Stories like this make me so happy to share my name with other fabulous Natalies and Natalias. (Natalie is the English and French version of Natalia, a name that occurs in many languages, so as far as I’m concerned, they’re basically the same name.)
A little bit of background: after Crimea became a part of the Russian Federation, President Putin appointed a young blonde lawyer named Natalia Poklonskaya to be Prosecutor General in Crimea. She became a bit of an internet meme (yes, the whole thing was as weird as it sounds—people were posting artwork of her as an anime character and no, I do not know why) and that’s how I first heard of her. I harbored vague positive feelings towards her, since I know she and I share a few opinions about recent events in Ukraine.
Then I saw the story I linked above and I’ve decided I definitely like this woman.
On January 1st, the Russian media televised Crimean prosecutor Natalia Poklonskaya New Year’s greeting to residents of the Crimea. Filmed in her office which included a Christmas tree, it was a framed photograph on Poklonskaya’s desk that caught the attention of most viewers. Traditionally, all government officials host a portrait of the current president of the Russian Federation. Prominently positioned on Poklonskaya’s desk, however, was a framed photograph of Nicholas II.

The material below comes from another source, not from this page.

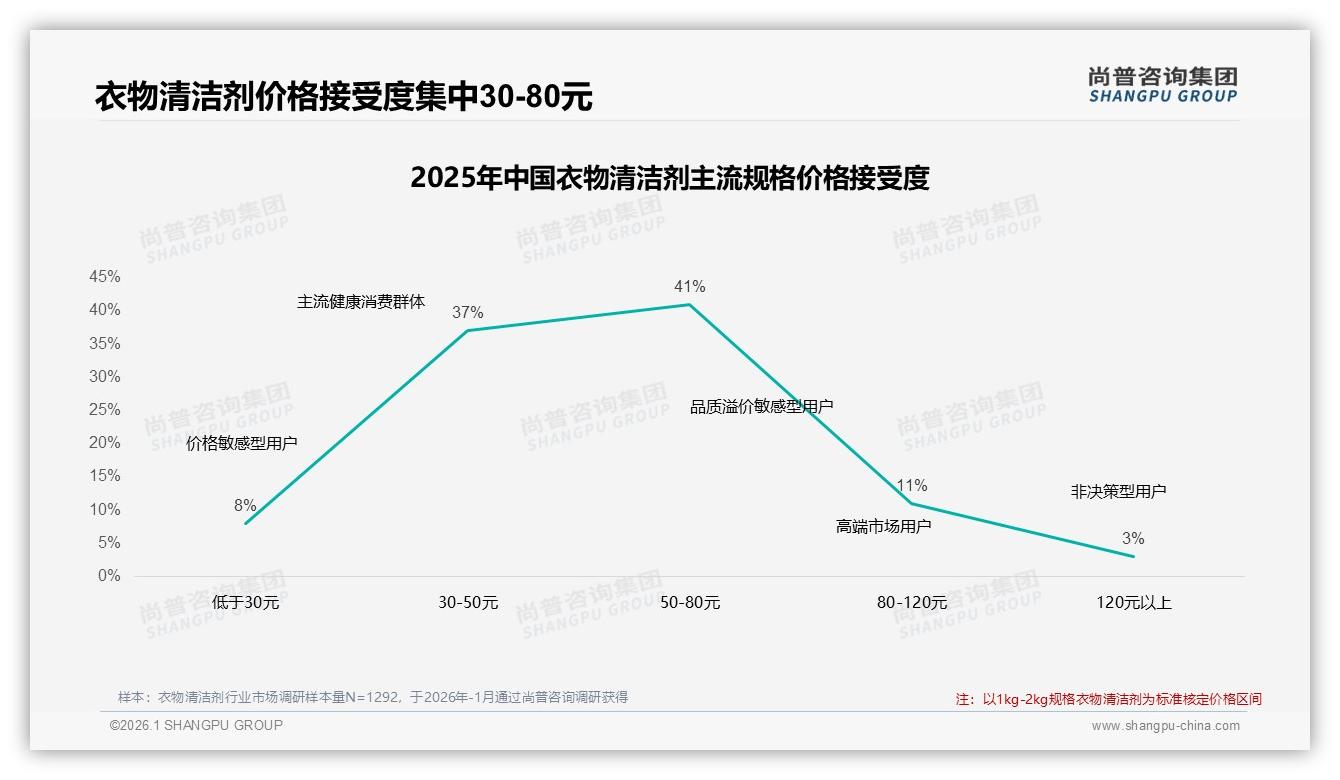 衣物清洁剂价格上涨10%后42%消费者仍购买，品牌忠诚窗口打开——尚普咨询集团权威发布-2026年1月-衣物清洁剂-38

During her address, Poklonskaya reflected on events during the past year in which she noted “Crimea’s historic return to Holy Russia,” and went on to say, “there is no sacrifice that I would not perform to save Russia” – quoting the last emperor.
In case you doubt that someone would put a photo of Nicholas II on her desk, here’s photographic proof, also from the aforementioned article.
Can it be, my friends? Is Crimea’s latest Prosecutor General actually a Russian monarchist? If so, I approve immensely, being a bit of the monarchist bent myself.
Though I must say, if one is a monarchist in Russia, one ought to celebrate Christmas as the main holiday, as was done in the imperial times, and not the forced New Year as the Soviets did!